VENUE: ROSE BOWL TAVERN (OUTDOOR): 106 N. Race Street, Urbana, IL 61801

Growing up in Minnesota, life constantly took multi-instrumentalist and producer Lutalo back and forth across the Mississippi River, through the beating heart of the Twin Cities, from their home in Minneapolis to school in St Paul. In 2022, life is suddenly – but gently – very different. Last year Lutalo and their partner moved east, to settle among the green peaks of Vermont, having taken ownership of an area of land with the intention of building a small community for themselves. The aim is to accomplish a long-held dream: to live life differently, to invest in and create something tangible that can be passed on to future generations. The to-and-fro of that early life has been replaced by something altogether more steady, a burning desire to not get so caught up in the intensity of the world.

It’s this overwhelming potency of modernity that ripples through Lutalo’s musical work. Set to be released this Spring, their six-song debut EP bristles with tension, despite the often laidback nature of the performance. “I tend to grapple with a lot of existential questioning,” they say of their work. “I wanted to capture what it feels like to be a twenty-something in this time period, reflecting on our relationship with technology, the internet, relationships, world governments, housing…all while discovering what it means to be an adult and how our definition of what that looks like begins to shift.”

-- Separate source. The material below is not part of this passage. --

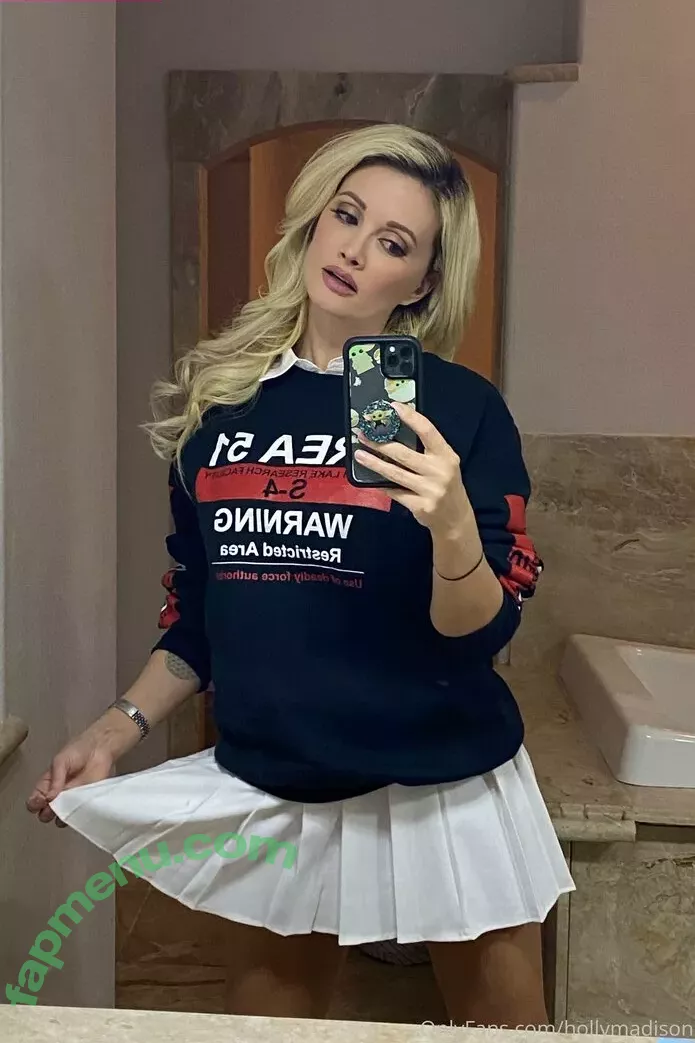 Holly Madison nude photo #0091 (Ex Playboy / hollymadison)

The new EP – which follows a few well-received singles in 2021 and a run of live shows alongside Adrianne Lenker – spans both of Lutalo’s contrasting worlds, the songwriting beginning in the Twin Cities before being finished in the serene surroundings of Vermont, and both environments leave their mark on Lutalo’s rich and absorbing sound.

Introduced to music via the African drumming classes their parents took them to as a child, Lutalo didn’t have the desire to fully participate but the complex rhythms, like musical puzzle pieces, fascinated them, teaching lessons about the importance of practice and dedication, the morning classes continuing at home, reverberating long into the night. Home is also where Lutalo’s Dad educated them on the Black experience in America through music, via a love of hip-hop, jazz, and Bossanova; from MF Doom to A Tribe Called Quest.

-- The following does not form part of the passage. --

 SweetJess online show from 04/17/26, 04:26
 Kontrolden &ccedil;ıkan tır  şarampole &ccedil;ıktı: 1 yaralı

However, it was during a high school summer music program at McNally Smith School of Music that Lutalo’s own work began to blossom. Here, they met fellow musicians Patrick Hintz and Mike Kota and quickly started a band together, with Patrick quickly teaching them how to make connections, book shows, and produce their own merch, breaking down walls Lutalo assumed would prevent them from ever progressing out of the basement. Lutalo soon started other projects as a way of working on and highlighting their ideas and the production skills they were learning. Though they’d initially planned to produce work for other people, it quickly turned into the eponymous project we hear today.

A fascinating mixture of folk, rock, and soul, the EP is deliberately fluid, Lutalo allowing the framework to be as loose and wide-ranging as the work led. “The vision I have for this project is not so much genre-based as it is sound-based,” Lutalo expands, “and that sound is just a reflection of me. I didn’t want any boundaries because I’m not trying to replicate anything that’s come before. I only want to be adding to music in some way, I don’t feel like being an emulator.”

And so we have ‘Call It In’, the EP’s opening track and a laidback gem, the gentle sunlit groove of the production presenting a fascinating backdrop for Lutalo’s captivating delivery. Juxtaposed by the track’s internal monologue, the track casts its eye over the small details of getting through everyday life, while attempting to set seeds for the ‘stable future’ you were always told was guaranteed as long as you played along.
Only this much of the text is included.